Self-Supervised Video Representation Learning in a Heuristic Decoupled Perspective
Zeen Song, Wenwen Qiang, Changwen Zheng, Hui Xiong, Gang Hua
TL;DR
The paper addresses the gap in video self-supervised learning where current V-CL methods fail to jointly capture static (appearance/background) and dynamic (motion) semantics due to dataset confounding. It introduces BOD-VCL, a Bi-level Optimization with Decoupling framework that uses a learned Koopman operator $\hat{\mathcal{K}}_\theta$ to decompose video representations into time-invariant and time-variant components, enabling separate optimization of static and dynamic similarities via decoupled losses $\mathcal{L}_A$ and $\mathcal{L}_M$. Theoretical analysis based on SCM and gradient dynamics shows that unified losses tend to collapse onto the easier semantics, and decoupled learning prevents this collapse, yielding richer representations. Empirically, BOD-VCL improves performance across action recognition, detection, and motion-centric datasets, with ablations verifying the effectiveness of bi-level optimization, Koopman-based decomposition, and decoupled losses. This approach offers a principled path to robust, semantics-complete video representations with practical gains on a wide range of downstream tasks.
Abstract
Video contrastive learning (V-CL) has emerged as a popular framework for unsupervised video representation learning, demonstrating strong results in tasks such as action classification and detection. Yet, to harness these benefits, it is critical for the learned representations to fully capture both static and dynamic semantics. However, our experiments show that existing V-CL methods fail to effectively learn either type of feature. Through a rigorous theoretical analysis based on the Structural Causal Model and gradient update, we find that in a given dataset, certain static semantics consistently co-occur with specific dynamic semantics. This phenomenon creates spurious correlations between static and dynamic semantics in the dataset. However, existing V-CL methods do not differentiate static and dynamic similarities when computing sample similarity. As a result, learning only one type of semantics is sufficient for the model to minimize the contrastive loss. Ultimately, this causes the V-CL pre-training process to prioritize learning the easier-to-learn semantics. To address this limitation, we propose Bi-level Optimization with Decoupling for Video Contrastive Learning. (BOD-VCL).
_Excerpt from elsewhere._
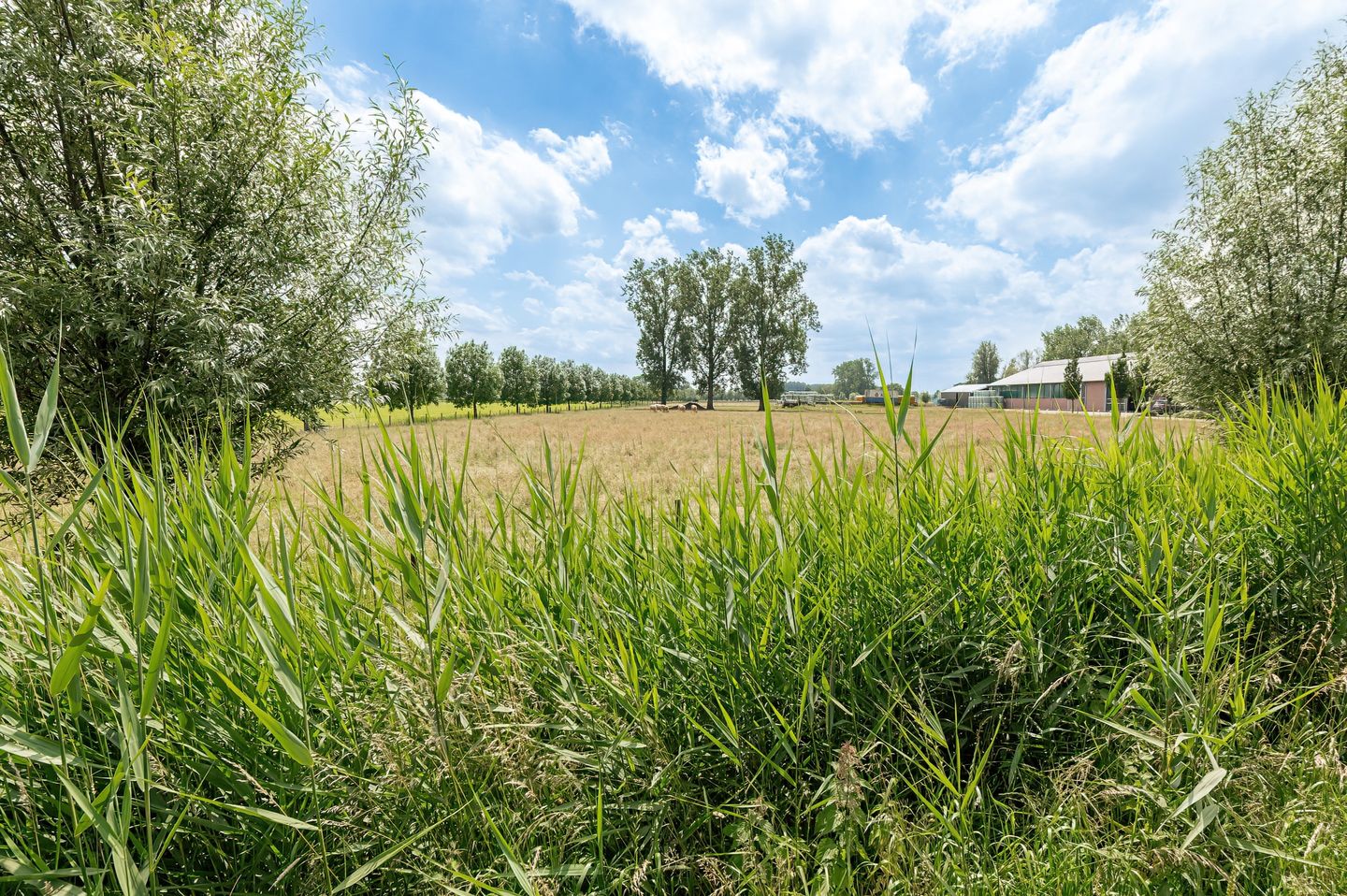 Photo 49 of Heuvelkamp 13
In BOD-VCL, we model videos as linear dynamical systems based on Koopman theory. In this system, all frame-to-frame transitions are represented by a linear Koopman operator. By performing eigen-decomposition on this operator, we can separate time-variant and time-invariant components of semantics, which allows us to explicitly separate the static and dynamic semantics in the video. By modeling static and dynamic similarity separately, both types of semantics can be fully exploited during the V-CL training process. BOD-VCL can be seamlessly integrated into existing V-CL frameworks, and experimental results highlight the significant improvements achieved by our method.